SUPPLIED INFORMATION:

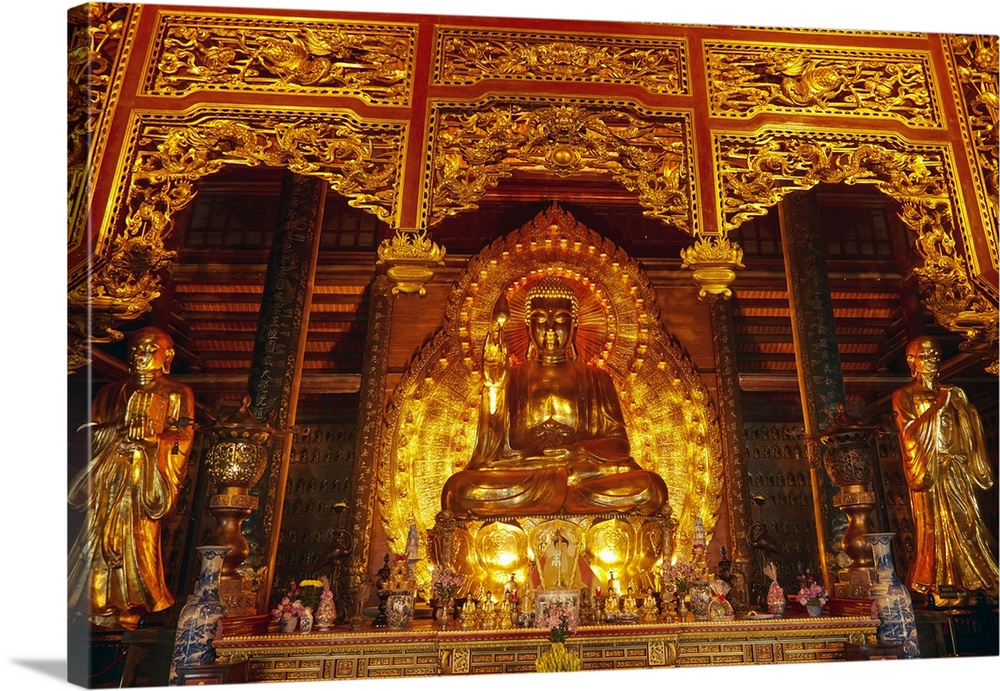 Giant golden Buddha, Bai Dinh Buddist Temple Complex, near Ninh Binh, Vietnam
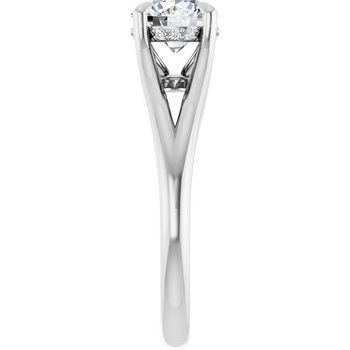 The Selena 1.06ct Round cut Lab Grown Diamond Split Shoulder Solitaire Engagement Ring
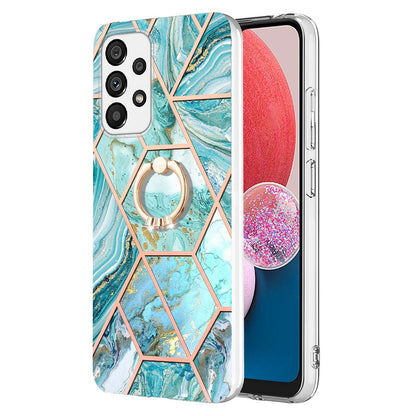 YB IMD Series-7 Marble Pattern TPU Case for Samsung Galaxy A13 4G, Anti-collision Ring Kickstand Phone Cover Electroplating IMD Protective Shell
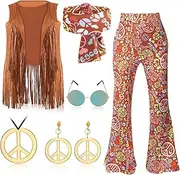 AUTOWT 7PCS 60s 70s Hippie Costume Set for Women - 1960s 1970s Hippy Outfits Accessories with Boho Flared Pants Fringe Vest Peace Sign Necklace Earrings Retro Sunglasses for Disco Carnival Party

WHAT TO WORK ON: Your copy should match the data above exactly, apart from the pictures.

RESPONSE AREA:
 Giant golden Buddha, Bai Dinh Buddist Temple Complex, near Ninh Binh, Vietnam
 The Selena 1.06ct Round cut Lab Grown Diamond Split Shoulder Solitaire Engagement Ring
 YB IMD Series-7 Marble Pattern TPU Case for Samsung Galaxy A13 4G, Anti-collision Ring Kickstand Phone Cover Electroplating IMD Protective Shell
 AUTOWT 7PCS 60s 70s Hippie Costume Set for Women - 1960s 1970s Hippy Outfits Accessories with Boho Flared Pants Fringe Vest Peace Sign Necklace Earrings Retro Sunglasses for Disco Carnival Party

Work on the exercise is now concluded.